The top-three telcos – Bharti Airtel (Bharti, BBB-/Stable), Vodafone India and Idea Cellular – could commit around USD2.5bn-4.5bn each to renew their expiring spectrum in six, seven and nine Indian “circles” (i.e. regions), respectively. They are also likely to acquire additional spectrum to support fast-growing data services.
Idea is most exposed to the auctions as it needs to retain its expiring spectrum in circles which contribute around 70% of its annual revenue. Such revenue contributes 45% and 35% of annual Indian revenue for Vodafone and Bharti, respectively. Telcos whose 900MHz spectrum is expiring will prefer to retain this bandwidth, as having to switch frequencies could require significant capex and disruption of the already-established network.
Reliance Communications Limited (Rcom, BB-/Stable) will be the least affected of the top four, as Fitch believes it is likely to commit a maximum of USD667m in seven circles, where we expect competition for spectrum will be lower. Rcom’s management expects this cost to be lower.

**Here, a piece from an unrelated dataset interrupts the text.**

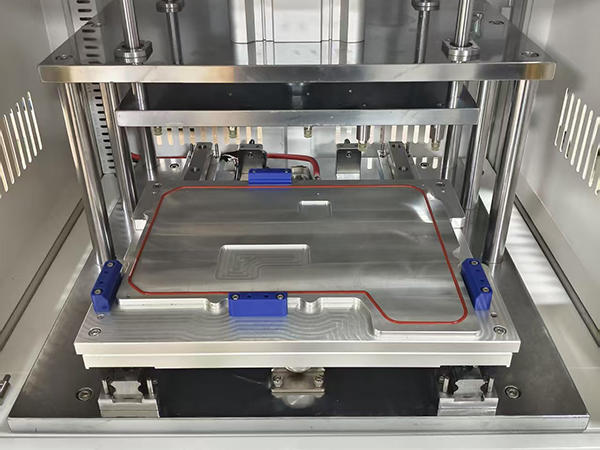 汽车盖板气密测试治具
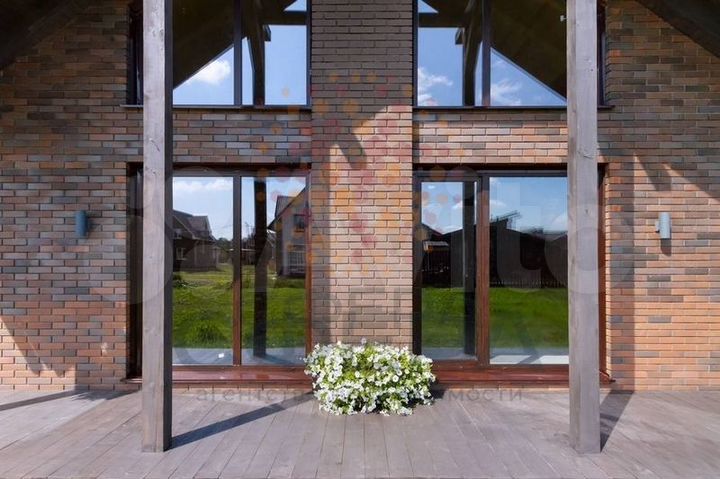 Коттедж 177,2 м² на участке 5 сот.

We expect Bharti’s and Rcom’s ratings to remain unchanged, as their 2015 funds flow from operations (FFO)-adjusted net leverage is likely to remain below 2.5x and 5.0x, respectively, following the auction. Most telcos have already raised equity or monetised assets in anticipation of spectrum auctions. During 2014, Bharti, Idea and Rcom raised about USD2.5bn, USD625m and USD1bn apiece through either equity and/or asset sales. Cash flows will still be manageable, as telcos have the option to pay spectrum cost in phases, with one-quarter upfront and the balance over 10 years.
Reliance Jio (part of Reliance Industries Ltd (BBB-/Stable)) which plans to roll out its services in 2015 with an investment budget of USD12bn, is likely to fill its spectrum gaps in the 1,800MHz band. We feel it will probably focus on data services using “long-term evolution” technology, with its ownership of 1,800MHz spectrum in 14 circles and a pan-India spectrum in 2,300MHz. However, as occasionally seen in the earlier auctions, Reliance Jio could push up the spectrum price in 900MHz for other telcos, if it chooses to do so, as the auction mechanism hides the identities of participants.
Eight operators are likely to bid for a total of 465MHz of spectrum across four bands – 800MHz, 900MHz, 1,800MHz and 2,100MHz – where each band is valid for 20 years. Bidding is likely to be most intense for the 900MHz band, which can be used for both 2G and 3G, as signals can travel further and provide better indoor coverage than higher frequencies. We believe that the 900MHz auction price could rise at least 20% higher than the reserve price.